Provided the upcoming season does not provoke a rash change in Uncle Charlie’s status, Phillies fans should feel good about Manuel moving on, whether it be into retirement or on to an executive opportunity here or elsewhere.
Of course Charlie could decide after the 2013 season that he’s not ready to move off the bench just yet. In which case Change will just have to wait.
Can a Duck help the Eagles?
The team on the other side of Pattison Avenue is facing a situation of an entirely different hue. After 14 seasons of Andy Reid‘s leadership, the Philadelphia Eagles are facing a challenge they have not experienced since the turn of the century.
New head coach Chip Kelly comes from the vaunted University of Oregon Ducks, a team that ran a very up-tempo offense that requires a lot of speed, read and react play by the Quarterback, and the ability to keep defenses off-balance by constantly pressing the offensive attack.
The Change has elicited a set of anxiety reactions in fans that covers just about every facet of play on the field and personnel management off it.
First and foremost is whether Kelly’s high-octane offense can work in the NFL. Indications are that it already is in limited ways on a number of teams, including the New England Patriots and Superbowl contender, San Francisco 49’ers. But the underlying cause for concern revolves around the question of player personnel and their suitability to run Kelly’s fast paced, attack offense.
The level of anxiety gets ratcheted up for some Eagles fans when they consider the prospects of promising, but unproven QB Nick Foles, and even more so when the Eagles decided to re-sign out-of-favor QB Michael Vick.
All you need to turn most Philadelphia Eagles fans into helpless bundles of anxiety riddled meatbags is to throw the above questions into a bowl; stir in huge gaps on the offensive line and the question of how Kelly and new Defensive Coordinator, Billy Davis will remake the team on the defensive side of the ball; and serve over a defensive secondary that at times couldn’t cover a casserole dish.
Finally, Change can be seen as threatening, while at the same time provide a wealth of opportunity.
That Lada … What a cherry ride!
Recently, Christine Armario wrote an article, featured on the Associated Press, about the extreme manipulations Cubans must go through in order to keep the island’s very, very old fleet of long outdated Russian automobiles running. The mainstays of the island’s remaining auto fleet are upwards of 30-year-old, ancient Russian Lada and Moskvich models, for which it’s almost impossible to buy parts.
While it’s hard to fathom a Cuban visitor to Miami having to walk into a certain auto parts store; walking out with a carburetor or a set of brake pads: and having to physically carry back to the home island. It’s even harder to rationalize this country’s continued reluctance to exploit – if you will – a country and a people so ripe for the depth and breadth of opportunities America can provide.

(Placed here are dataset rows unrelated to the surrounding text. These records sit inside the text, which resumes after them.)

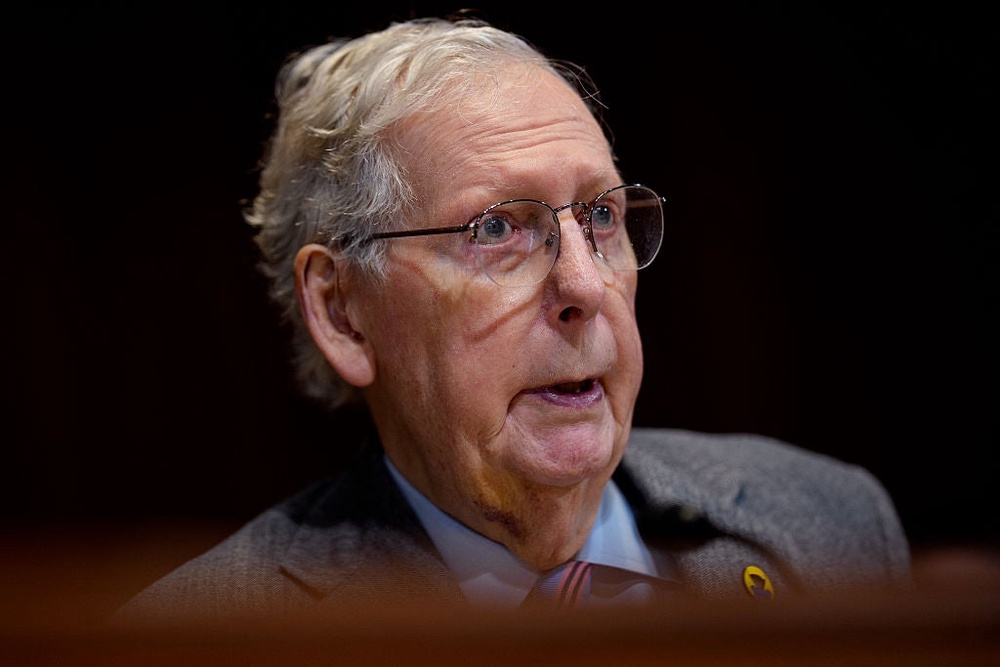 Sen. Mitch McConnell (R-KY) hit out at the Pentagon for not spending money meant for Ukraine (Getty)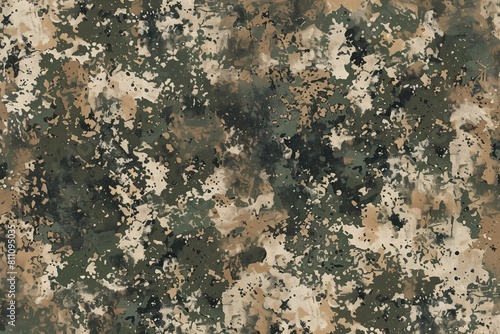 Abstract dark camo pattern with splattered and splotched design
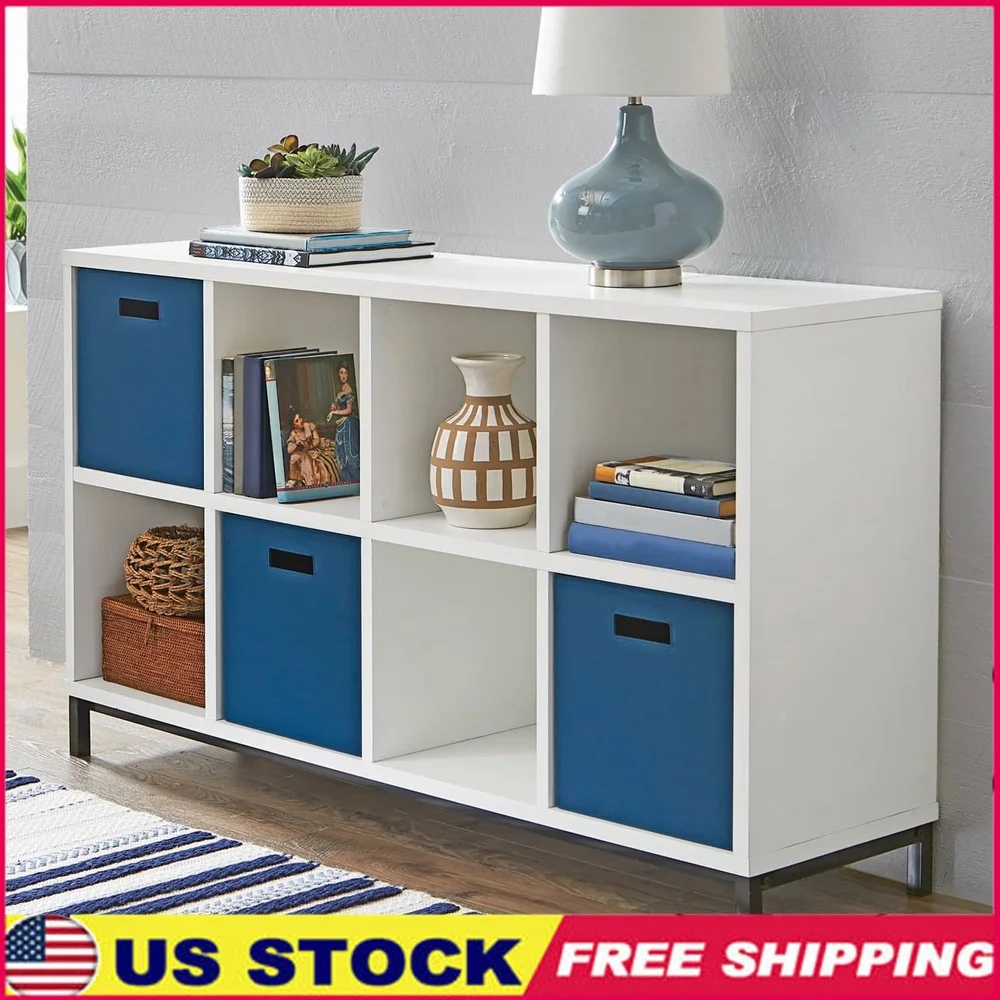 

8-Cube Storage Organizer with Metal Base Open Back Design Home Office Living Room Easy Assembly Modern Furniture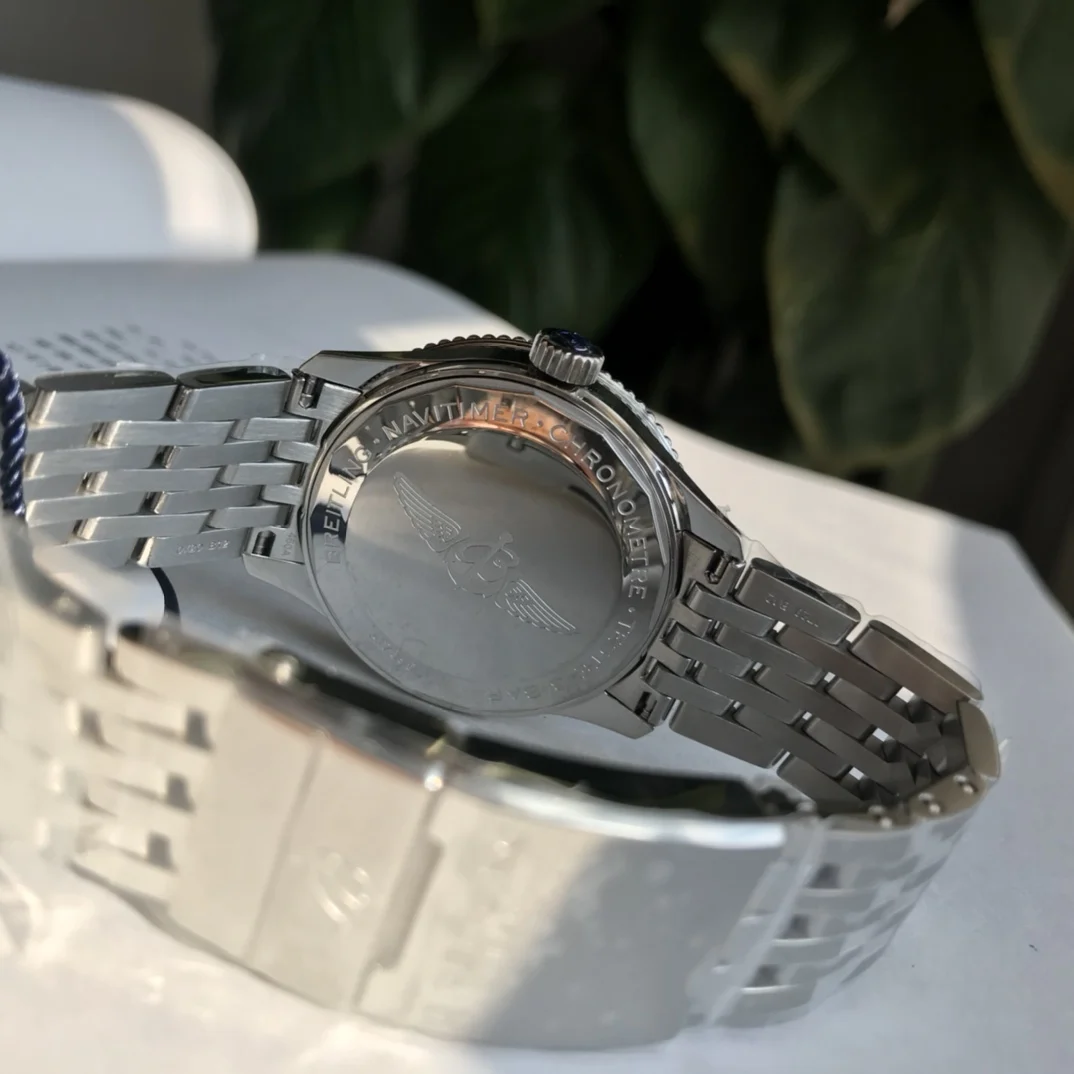 Breitling Navitimer Blue Dial Diamond-Set 35mm — photographed off the sweep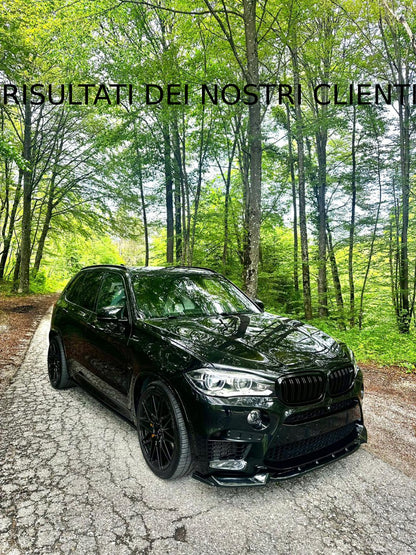 SPLITTER ADATTO PER BMW X5 F15 MX5 X6 F16 MX6 2013-2018 NERO LUCIDO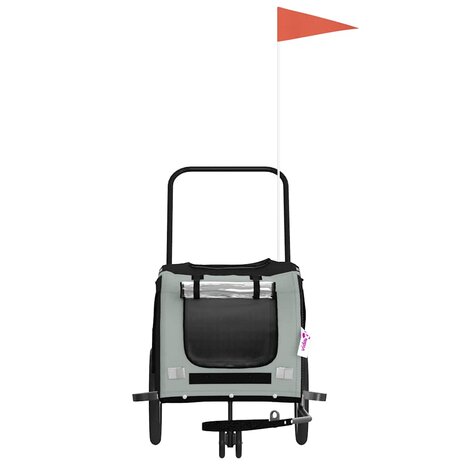 Huisdierfietskar Grijs en Zwart Oxford Stof en IJzer 4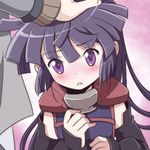  akatsuki_(log_horizon) blush detached_sleeves log_horizon long_hair petting purple_eyes purple_hair yazwo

The problem? Well, it’s Cuba!
Long the bane of 1960 Domino Theory on the control of the spread of Communism … Site of President John F. Kennedy’s biggest foreign relations/national security blunder … Home of one of the most ruthless – and oldest – Red revolutionaries … And of course home to hundreds of thousands of Cuban expatriates currently living in the U.S. after leaving Cuba in the decades since the Fidel Castro-led revolution.

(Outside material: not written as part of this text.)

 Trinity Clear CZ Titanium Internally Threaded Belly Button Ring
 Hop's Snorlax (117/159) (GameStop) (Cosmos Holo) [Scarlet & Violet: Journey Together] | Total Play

But it’s difficult to ignore a Cuba that is very backward in its economy, infrastructure, politics and human rights.
Imagine what a boon to American business to have a country just 90 miles off the coast of Florida as very needy destination for construction services, consumer goods, medical equipment, and technology. Imagine the inroads – now that Fidel is near terminal age – Americans can make in exporting its way of life, political freedoms and social philosophies.
Imagine how grateful the Cuban people, and maybe even the post-Fidel or post-Raul Cuban government might be, especially now that the Russians are no longer as influential internationally as they were two decades ago.
There’s a wealth of opportunity there. But it will require a sea change in public and political perceptions to make it happen.